I stayed in meetings for several years, but the reasons for that changed over the years. Early on I felt fragile. That quickly left after a few weeks, when I knew I was going to be OK, but I worried about going back out, especially seeing how common it was among members to come and go, praise sobriety for awhile, and then go back out, so I stayed on as an insurance against whatever caused people to lose it.
After a couple of years, I had figured out what the triggers were that sent others back to the bottle. Well, at least I figured out what my triggers were. But while doing this, I made some good friends in the program, so I stayed a few more years for the fellowship.
I did start to wonder how healthy it was to be around drunks coming and going, and I questioned if the fellowship, as much as I enjoyed it, was healthy or just another form of avoidance.
Whether it was accurate or not, when I finally broke ties, which was not a sudden departure, but somewhat prolonged, like testing the water with my toe before jumping in, I had the feeling that I was leaving the program and stepping out into life.
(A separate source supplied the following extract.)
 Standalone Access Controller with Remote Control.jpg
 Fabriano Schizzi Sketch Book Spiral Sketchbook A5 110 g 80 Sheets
And I did. I ended up accomplishing a life long goal of selling my house and everything I had accumulated over the years, bought a boat and single-handedly sailed it from California to Mexico to Hawaii to Alaska, and down the Inland Passage through Canada to the lower 48. I sold the boat at the end of three years and and moved a little deeper into the woods, but 3000 miles away from where I lived before. I kept in touch with my sponsor who had quit going to meetings after I did until he fell off the map and I lost track of him.
For me, maybe not everyone, there certainly was a life after meetings. I went back to a couple of meetings near my new home, but there wasn't anything there for me anymore. That was 10 years ago.